» Provided data:
++++++
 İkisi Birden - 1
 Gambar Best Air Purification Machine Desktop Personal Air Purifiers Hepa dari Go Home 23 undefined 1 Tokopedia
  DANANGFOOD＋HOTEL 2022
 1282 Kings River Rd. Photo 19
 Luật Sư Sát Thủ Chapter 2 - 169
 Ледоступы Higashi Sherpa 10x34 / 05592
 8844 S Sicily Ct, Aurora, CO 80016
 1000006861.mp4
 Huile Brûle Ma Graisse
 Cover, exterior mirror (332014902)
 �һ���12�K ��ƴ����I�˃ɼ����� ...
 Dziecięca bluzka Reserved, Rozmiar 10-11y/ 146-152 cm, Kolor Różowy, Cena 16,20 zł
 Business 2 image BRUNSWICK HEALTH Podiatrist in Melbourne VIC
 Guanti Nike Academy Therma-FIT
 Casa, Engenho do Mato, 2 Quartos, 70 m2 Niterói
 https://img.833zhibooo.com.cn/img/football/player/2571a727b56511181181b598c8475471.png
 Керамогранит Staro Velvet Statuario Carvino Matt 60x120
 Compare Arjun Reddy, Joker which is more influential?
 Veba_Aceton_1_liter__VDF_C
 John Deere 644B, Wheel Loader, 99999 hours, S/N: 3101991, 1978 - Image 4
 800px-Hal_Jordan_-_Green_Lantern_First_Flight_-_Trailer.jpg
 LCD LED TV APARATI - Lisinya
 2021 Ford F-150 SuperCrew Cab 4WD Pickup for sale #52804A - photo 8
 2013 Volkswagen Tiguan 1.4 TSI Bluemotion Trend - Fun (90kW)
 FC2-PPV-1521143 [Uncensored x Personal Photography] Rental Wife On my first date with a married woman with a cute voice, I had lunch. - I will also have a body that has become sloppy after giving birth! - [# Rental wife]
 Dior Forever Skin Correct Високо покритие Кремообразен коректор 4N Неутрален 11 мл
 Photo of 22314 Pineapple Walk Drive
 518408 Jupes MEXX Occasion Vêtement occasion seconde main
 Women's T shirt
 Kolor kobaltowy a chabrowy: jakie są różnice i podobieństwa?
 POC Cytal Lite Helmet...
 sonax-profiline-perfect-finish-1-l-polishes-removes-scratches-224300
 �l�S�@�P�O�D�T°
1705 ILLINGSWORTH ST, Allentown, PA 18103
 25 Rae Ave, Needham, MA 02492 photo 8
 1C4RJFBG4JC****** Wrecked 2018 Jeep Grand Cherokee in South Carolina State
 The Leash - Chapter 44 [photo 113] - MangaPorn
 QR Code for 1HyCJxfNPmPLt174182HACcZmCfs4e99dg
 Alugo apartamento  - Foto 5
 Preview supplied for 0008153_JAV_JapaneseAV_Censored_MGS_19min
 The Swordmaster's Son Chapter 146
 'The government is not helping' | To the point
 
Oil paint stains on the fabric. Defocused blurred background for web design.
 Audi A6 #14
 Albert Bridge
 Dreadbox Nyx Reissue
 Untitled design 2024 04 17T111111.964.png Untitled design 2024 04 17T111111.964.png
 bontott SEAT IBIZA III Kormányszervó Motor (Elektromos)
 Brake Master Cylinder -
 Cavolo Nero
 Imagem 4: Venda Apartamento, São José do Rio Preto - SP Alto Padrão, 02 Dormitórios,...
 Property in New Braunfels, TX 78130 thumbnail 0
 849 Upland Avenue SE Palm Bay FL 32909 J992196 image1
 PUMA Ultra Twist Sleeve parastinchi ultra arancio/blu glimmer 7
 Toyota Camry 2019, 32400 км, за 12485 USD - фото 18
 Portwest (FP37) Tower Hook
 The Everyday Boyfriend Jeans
++++++
» What to do: Out of the data above, return each line where the word "Kolor" can be found.

» Response to this task:
 Dziecięca bluzka Reserved, Rozmiar 10-11y/ 146-152 cm, Kolor Różowy, Cena 16,20 zł
 Kolor kobaltowy a chabrowy: jakie są różnice i podobieństwa?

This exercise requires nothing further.